Exercise details
This exercise asks for an exact copy of the lines from the one containing "Fresh organic parsley, tomatoes, red" through the final line of the material, with pictures omitted.

Information
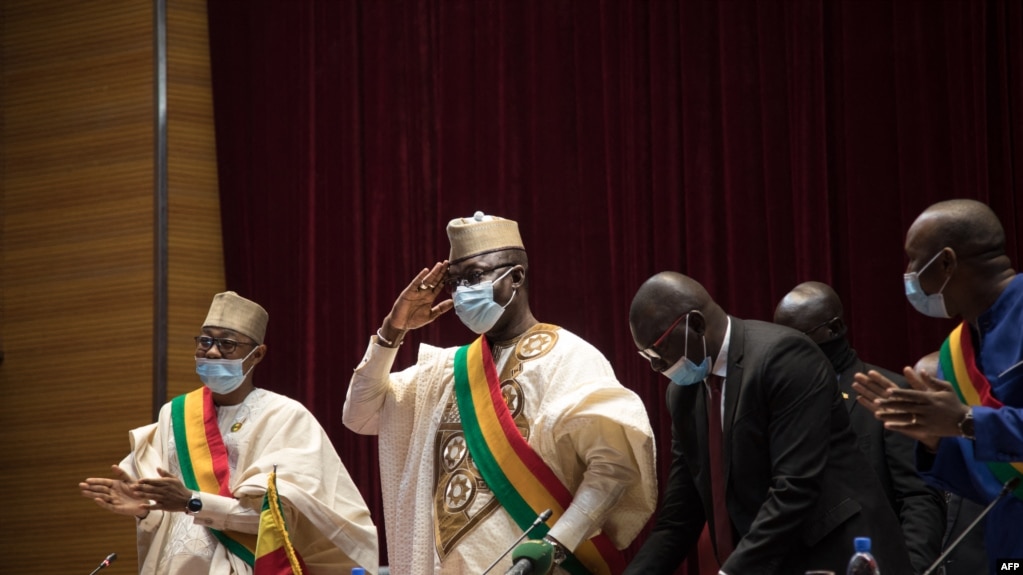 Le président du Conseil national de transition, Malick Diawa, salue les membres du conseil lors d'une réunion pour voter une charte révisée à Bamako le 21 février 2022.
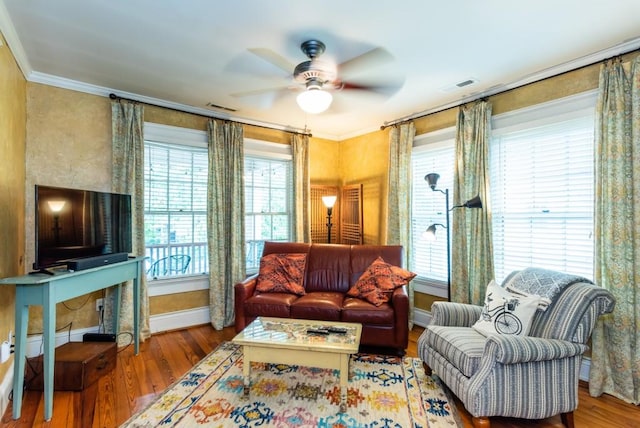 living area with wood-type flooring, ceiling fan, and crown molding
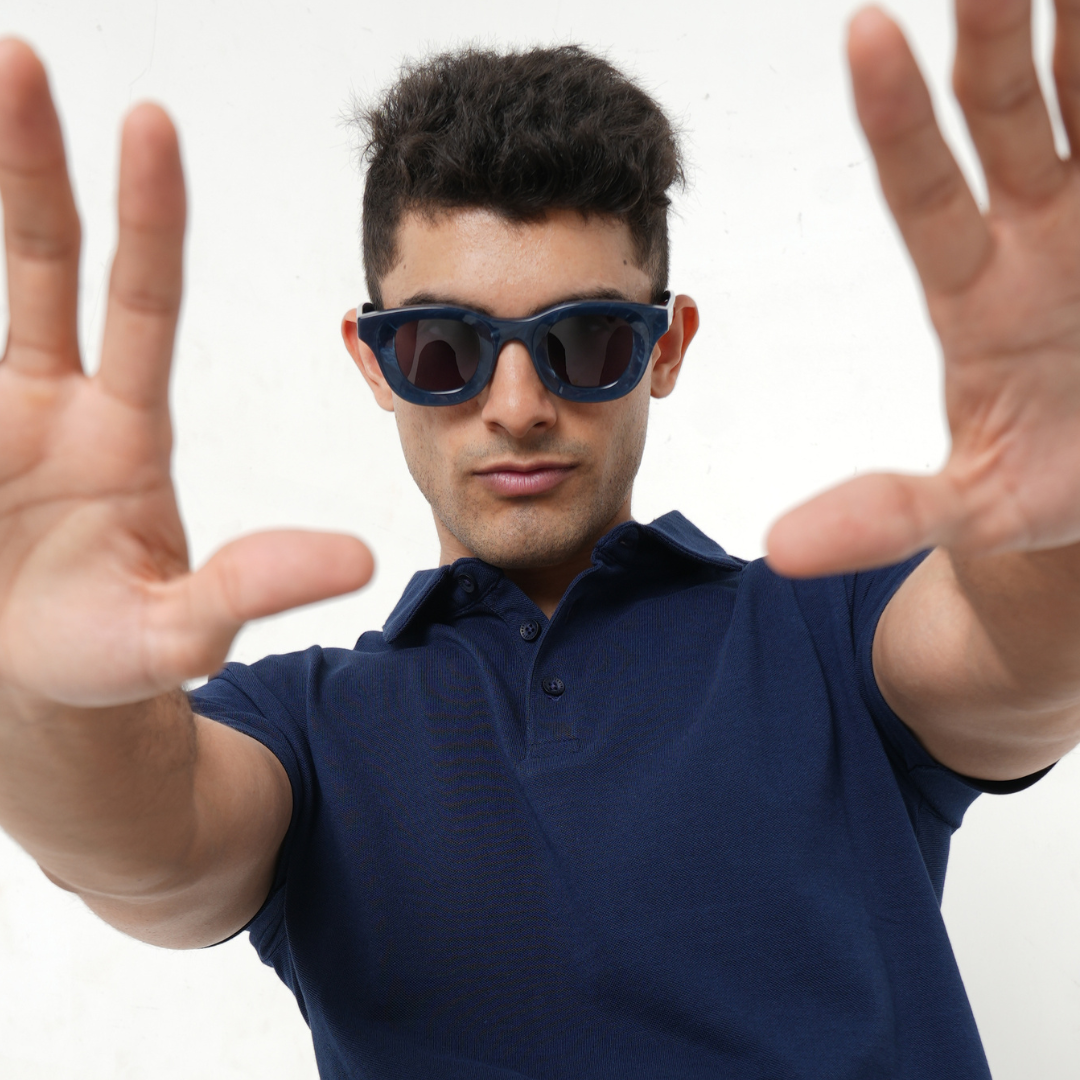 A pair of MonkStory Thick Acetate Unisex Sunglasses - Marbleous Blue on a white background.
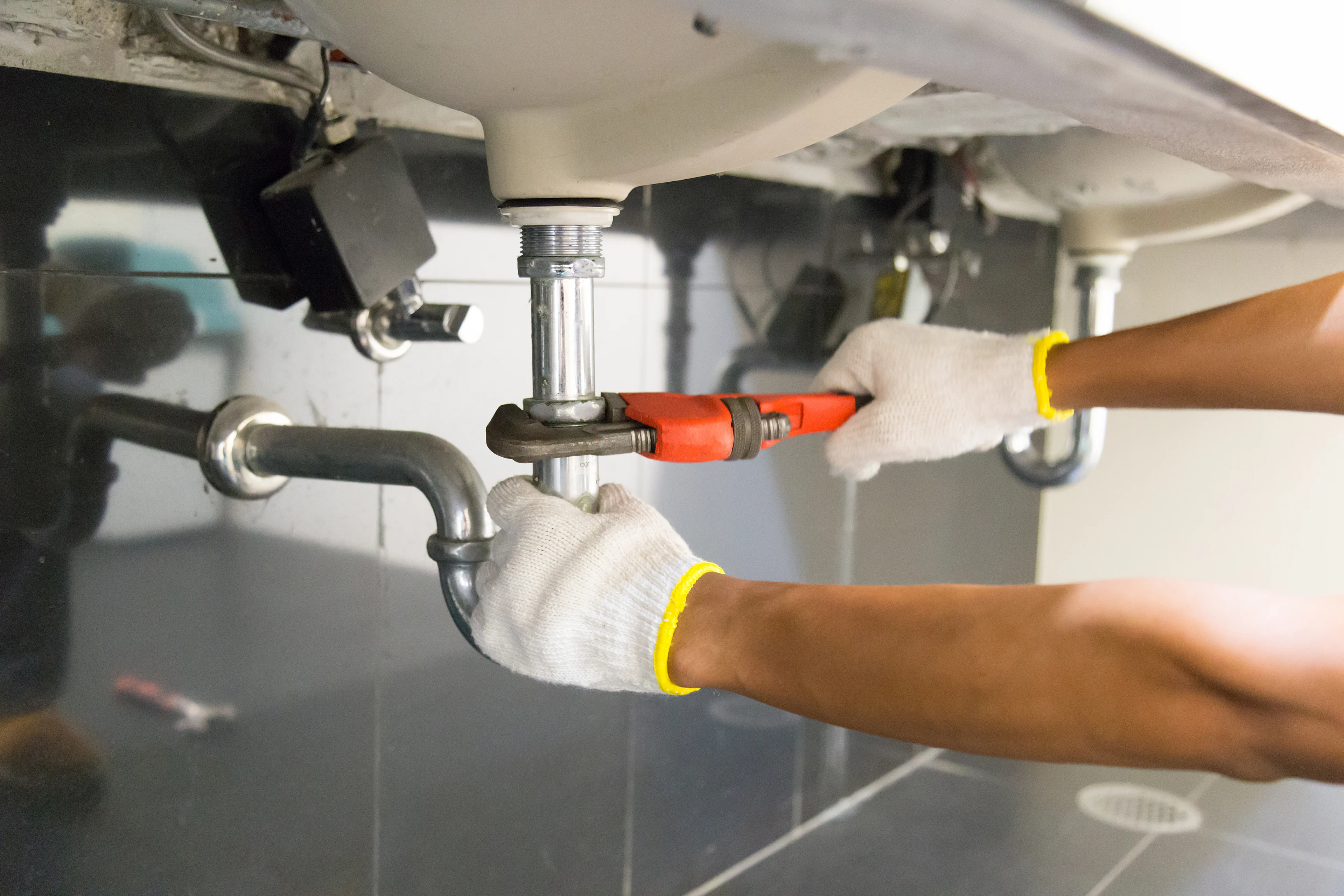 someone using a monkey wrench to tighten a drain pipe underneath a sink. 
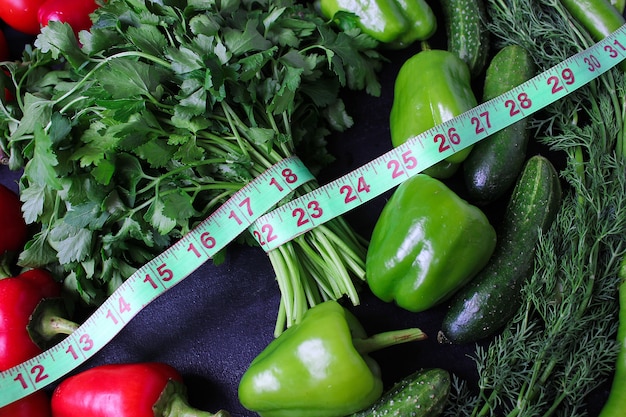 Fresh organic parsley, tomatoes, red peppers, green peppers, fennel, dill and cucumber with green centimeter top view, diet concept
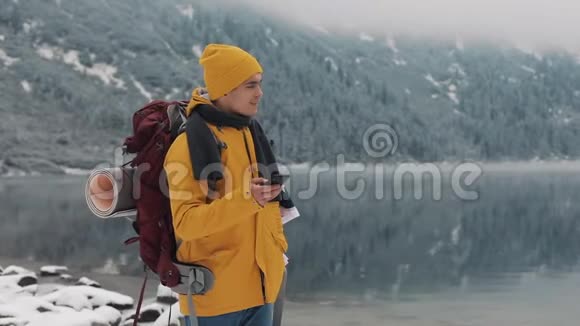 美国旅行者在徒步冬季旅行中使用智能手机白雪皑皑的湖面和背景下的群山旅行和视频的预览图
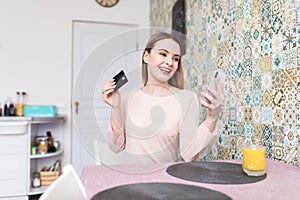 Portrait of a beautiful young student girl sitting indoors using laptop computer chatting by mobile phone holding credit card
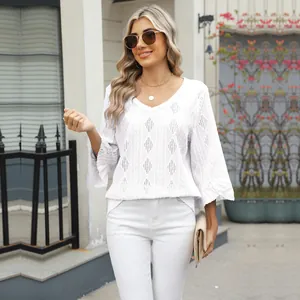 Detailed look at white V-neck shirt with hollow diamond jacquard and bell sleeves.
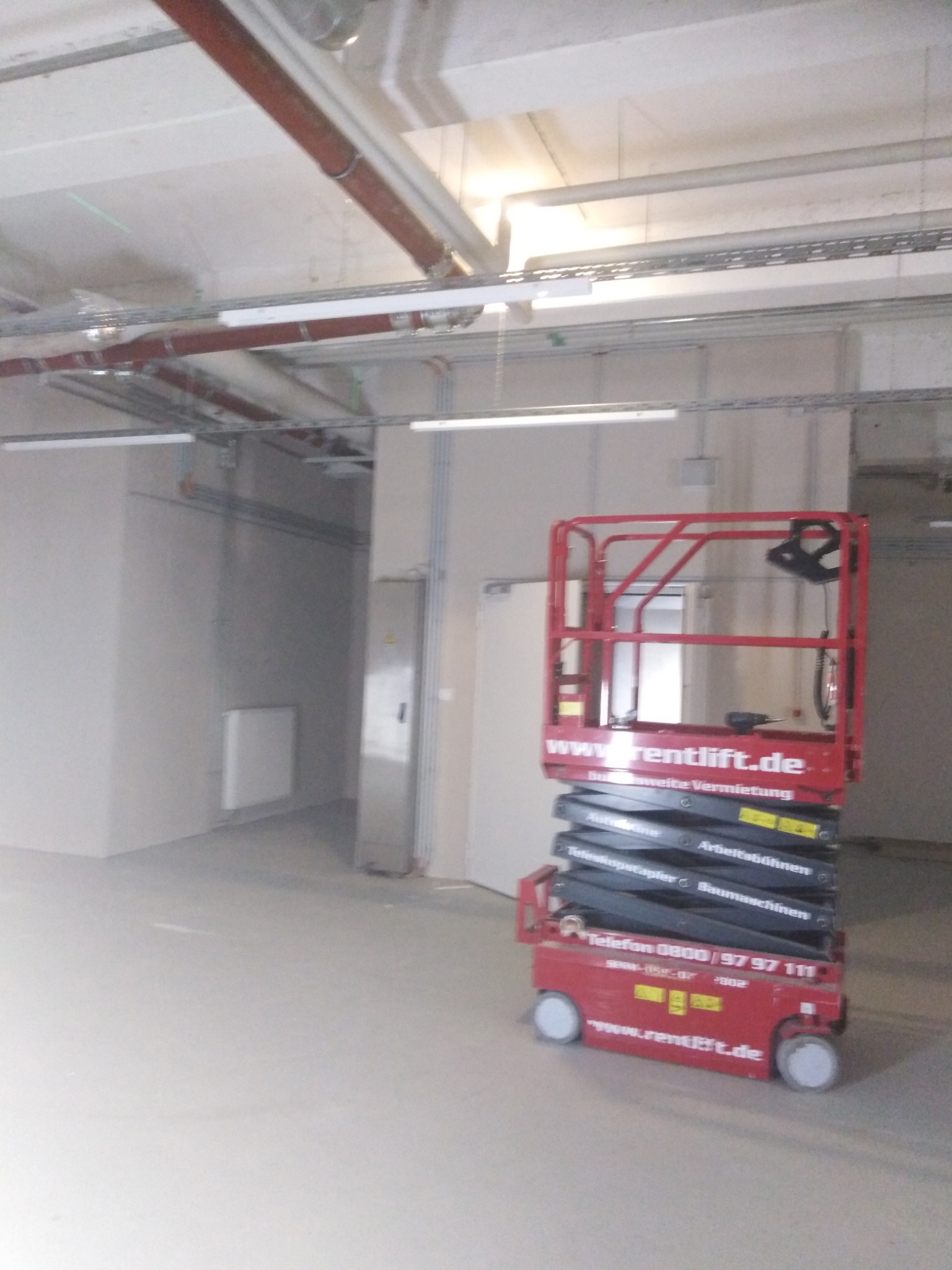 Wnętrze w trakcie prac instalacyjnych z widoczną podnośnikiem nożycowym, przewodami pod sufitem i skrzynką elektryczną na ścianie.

Task solution
 Fresh organic parsley, tomatoes, red peppers, green peppers, fennel, dill and cucumber with green centimeter top view, diet concept
 美国旅行者在徒步冬季旅行中使用智能手机白雪皑皑的湖面和背景下的群山旅行和视频的预览图
 Portrait of a beautiful young student girl sitting indoors using laptop computer chatting by mobile phone holding credit card
 Detailed look at white V-neck shirt with hollow diamond jacquard and bell sleeves.
 Wnętrze w trakcie prac instalacyjnych z widoczną podnośnikiem nożycowym, przewodami pod sufitem i skrzynką elektryczną na ścianie.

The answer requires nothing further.